The former White Motor Corp. executives, now with White Consolidated, proposed two failed attempts to merge with White Motor in 1970 and in 1976. The 1970 merger was prevented by the Justice Dept. on the grounds that the new corporation would have a monopoly in the farm market. The 1976 proposal was voted down by White Consolidated's board, as White Motor, responding to an ailing domestic automobile and truck market in the U.S., was failing badly at the time. White Motor eventually closed its doors for good in 1985, and while the fortunes were grim for the automaker, the same could not be said for White Consolidated Industries.

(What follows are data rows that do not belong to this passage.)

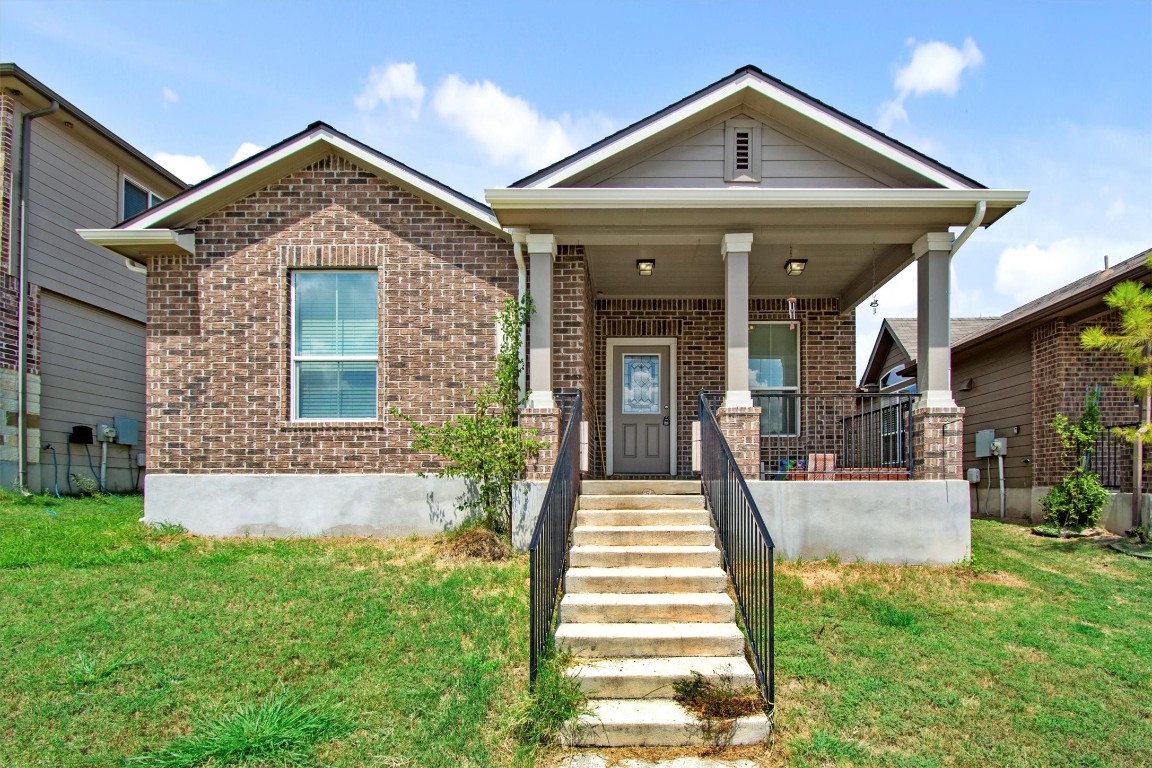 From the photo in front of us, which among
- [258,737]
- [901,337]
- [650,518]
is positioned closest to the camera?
[258,737]

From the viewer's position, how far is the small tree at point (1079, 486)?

Judicious acquisition and streamlined operations in the years 1975-85 increased sales from $1.2 billion to more than $2 billion. White Consolidated merged with AB Electrolux of Sweden in March 1986. In 1995, White operated in 45 states, Canada, and Mexico, and employed 70 people locally. At that time, White had three divisions in commercial appliances, home products, and industrial equipment. Of the three, the home products division was by far the largest. In 1995, White Consolidated Industries acquired the appliance divisions of the Westinghouse Electric Corp. In 1997 AB Electrolux sold off its global sewing business, including that portion run by White, thus ending the company's long involvement in this area. In 2005, White Consolidated Industries remained a part of AB Electrolux.
White Consolidated Industries, Inc. Records, WRHS.